National Pension Scheme: Recent protests by Government of India (GoI) employees demanding the revival of the old pension scheme (OPS) have sparked a national debate. OPS was replaced by the National Pension System (NPS) in 2004, which is a defined-contribution scheme that pools contributions from the government employee and concerned government at 10% of the base salary along with dearness allowance (DA). However, government employees maintain that NPS yields only 15% of the amount they would have secured as a pension under OPS, and inflation would erode the meager pension post-retirement.
Advocates of NPS argue that as the pension corpus is invested, market returns will fetch a superior bargain relative to OPS. The recent stock market performance may make NPS seem like a winner. But with only about 20-24% of base salary flowing into the corpus and varied pay grades of government employees, the individual payout will likely be a mixed bag.

In March 2021, Grade C employees constituted 87% of all civilian GoI employees, and Grade A employees made up only 3.6% of the total number. Grade C and B employees want OPS back. This sizeable vote bank is being wooed with gusto across states. The average growth rate in the NPS subscriber base during the last five years has been highest for the corporate sector, followed by the state and central governments. But this sector also shows the greatest volatility in employment, reinforcing the perception that government jobs are synonymous with stability.
Perennial state elections build pressure to make announcements regarding jobs and OPS. For instance, in Gujarat, the maximum number of government jobs promised was 20 lakh, and the minimum 10 lakh. Political parties, of course, ignore the overwhelming majority of the workforce: unorganized labour. Assuming the average government employee works for 30 years, the true cost of OPS (in states that repeal NPS) will be revealed in 2034 when the first batch of NPS employees retire. As OPS is an unfunded, ‘pay-as-you-go’ scheme, pensions will be paid by future taxpayers. When promises pour forth from election to election, the government treasury will see no matching inflow.

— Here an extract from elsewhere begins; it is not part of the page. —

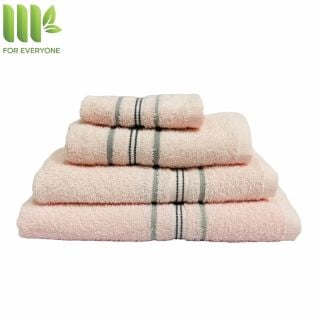 Khăn tay cao cấp MK 100% cotton size nhỏ HK01 màu hồng (28x40cm)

The reintroduction of OPS in Rajasthan and Chhattisgarh in the past year only invigorated the debate. The scheme is set to return in Punjab. However, OPS was scrapped in 2004 with bipartisan support from major political parties, owing to the formidable economic logic that OPS, defined-benefit scheme that ran solely on government funds, was unsustainable. OPS required the government to pay 50% of the base salary in the last year of employment, and had a dearness relief component as a buffer against inflation.
Pensions constituted the fifth-largest component of government expenditure, 4% of GDP last year. Burgeoning revenue expenditures without provisioning for these will spell fiscal disaster. Hard-fought gains to rein in the fiscal deficit will be sacrificed at the altar of populism. Adding OPS to the list of government priorities would be dangerously fiscally unsustainable. To give NPS the boot would be like throwing the baby out with the bathwater.
If NPS is not ideal, let its best features be retained. Annuity payments can be inflation-indexed, differential rates of government contribution introduced for different pay grades, and employees incentivised to contribute at higher rates. India’s aim should be adequate and timely pension, and to enhance pension coverage. NPS and the Atal Pension Yojana have made strides towards the latter. To address the former, NPS must be modified, not shelved.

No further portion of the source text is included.